Hacked To Pieces. Suicide Squad, A Film By David Ayer (And Trailer Park).

I finally caught David Ayer’s Suicide Squad earlier today. I say “David Ayer’s Suicide Squad”, but legend has it that the film was cut, in part at least, by the editors at Trailer Park, a company that produce trailers and marketing material for Hollywood movies.

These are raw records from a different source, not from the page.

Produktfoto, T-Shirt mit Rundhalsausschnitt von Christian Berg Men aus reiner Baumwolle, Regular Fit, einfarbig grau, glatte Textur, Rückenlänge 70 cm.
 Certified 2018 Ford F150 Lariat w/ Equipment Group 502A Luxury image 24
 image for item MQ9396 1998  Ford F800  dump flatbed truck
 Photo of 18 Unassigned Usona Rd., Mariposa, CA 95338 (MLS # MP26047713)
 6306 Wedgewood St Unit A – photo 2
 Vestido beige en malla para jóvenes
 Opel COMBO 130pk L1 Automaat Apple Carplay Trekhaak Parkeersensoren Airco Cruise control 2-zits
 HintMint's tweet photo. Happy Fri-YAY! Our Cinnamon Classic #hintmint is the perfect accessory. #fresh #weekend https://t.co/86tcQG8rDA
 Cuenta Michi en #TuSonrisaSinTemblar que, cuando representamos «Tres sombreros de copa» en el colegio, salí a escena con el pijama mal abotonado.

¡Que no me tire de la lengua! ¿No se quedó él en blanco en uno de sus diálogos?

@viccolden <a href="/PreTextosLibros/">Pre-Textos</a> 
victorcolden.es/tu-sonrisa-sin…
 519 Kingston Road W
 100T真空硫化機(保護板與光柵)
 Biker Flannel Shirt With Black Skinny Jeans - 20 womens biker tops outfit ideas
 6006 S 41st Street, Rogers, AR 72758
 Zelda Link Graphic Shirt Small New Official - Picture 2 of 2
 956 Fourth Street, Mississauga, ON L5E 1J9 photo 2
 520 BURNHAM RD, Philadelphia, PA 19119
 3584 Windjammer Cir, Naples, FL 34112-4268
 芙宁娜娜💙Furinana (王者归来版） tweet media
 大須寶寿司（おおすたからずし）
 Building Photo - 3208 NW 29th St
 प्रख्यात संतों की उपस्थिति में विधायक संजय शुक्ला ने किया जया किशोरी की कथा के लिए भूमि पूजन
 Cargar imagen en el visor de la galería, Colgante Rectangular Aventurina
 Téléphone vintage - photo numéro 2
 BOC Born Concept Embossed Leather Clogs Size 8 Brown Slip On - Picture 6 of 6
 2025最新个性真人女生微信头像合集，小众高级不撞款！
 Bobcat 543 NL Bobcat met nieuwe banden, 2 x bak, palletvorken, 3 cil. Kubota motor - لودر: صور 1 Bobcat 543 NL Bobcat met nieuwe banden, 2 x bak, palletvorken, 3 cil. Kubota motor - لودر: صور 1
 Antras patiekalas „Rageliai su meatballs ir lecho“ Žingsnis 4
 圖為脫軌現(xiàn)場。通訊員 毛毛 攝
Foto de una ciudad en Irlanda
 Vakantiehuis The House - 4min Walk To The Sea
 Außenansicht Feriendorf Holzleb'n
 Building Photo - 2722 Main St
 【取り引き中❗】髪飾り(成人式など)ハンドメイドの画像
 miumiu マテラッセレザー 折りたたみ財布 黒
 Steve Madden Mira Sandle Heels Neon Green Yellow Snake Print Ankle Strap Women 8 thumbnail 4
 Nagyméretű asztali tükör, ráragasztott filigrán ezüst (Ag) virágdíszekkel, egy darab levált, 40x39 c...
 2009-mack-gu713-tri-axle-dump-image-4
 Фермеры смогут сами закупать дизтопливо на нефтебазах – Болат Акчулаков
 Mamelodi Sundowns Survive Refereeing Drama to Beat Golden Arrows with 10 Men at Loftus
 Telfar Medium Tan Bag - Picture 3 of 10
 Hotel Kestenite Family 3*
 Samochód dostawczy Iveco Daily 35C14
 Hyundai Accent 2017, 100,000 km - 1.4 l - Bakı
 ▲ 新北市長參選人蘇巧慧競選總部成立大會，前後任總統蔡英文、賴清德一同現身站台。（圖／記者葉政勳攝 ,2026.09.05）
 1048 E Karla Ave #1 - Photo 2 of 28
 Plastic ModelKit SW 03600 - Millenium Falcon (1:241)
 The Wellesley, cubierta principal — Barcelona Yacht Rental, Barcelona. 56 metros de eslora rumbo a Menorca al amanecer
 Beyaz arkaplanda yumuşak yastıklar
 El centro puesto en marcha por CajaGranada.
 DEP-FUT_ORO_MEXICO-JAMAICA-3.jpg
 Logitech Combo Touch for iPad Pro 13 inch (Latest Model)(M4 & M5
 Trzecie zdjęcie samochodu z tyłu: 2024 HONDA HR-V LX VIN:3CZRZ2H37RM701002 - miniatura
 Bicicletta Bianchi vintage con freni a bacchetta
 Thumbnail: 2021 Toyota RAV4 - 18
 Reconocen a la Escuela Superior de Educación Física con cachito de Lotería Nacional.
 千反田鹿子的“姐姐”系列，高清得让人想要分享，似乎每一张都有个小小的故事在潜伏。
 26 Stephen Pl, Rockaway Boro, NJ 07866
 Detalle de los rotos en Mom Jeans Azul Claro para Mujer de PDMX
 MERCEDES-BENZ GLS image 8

While there isn’t much to add to what has already been said in the film’s near universal panning I will say this: I kind of enjoyed it. The first thirty-five minutes, while by no means perfect, are almost enjoyable (if not quite problematic in all manner of ways). When the guns take over though, it’s a different story altogether. Descending in to the kind of ammo porn ordinarily associated with the likes of Michael Bay, the picture soon falls apart, with all semblance of structure and cinematographic beauty torn apart by one of the most obstructive cutting jobs in recent blockbuster history. While one might be wasting their breath when crying “compromised vision” when said “vision” comes from a director as wholly uninteresting as David Ayer it’s nonetheless disheartening to see a work built by committee in such an obviously cynical and heavy-handed way.

Like the stereotypical trajectory along which the characters themselves are pushed there might be something good in Suicide Squad, it just needs dragging out of the mess in which it currently resides.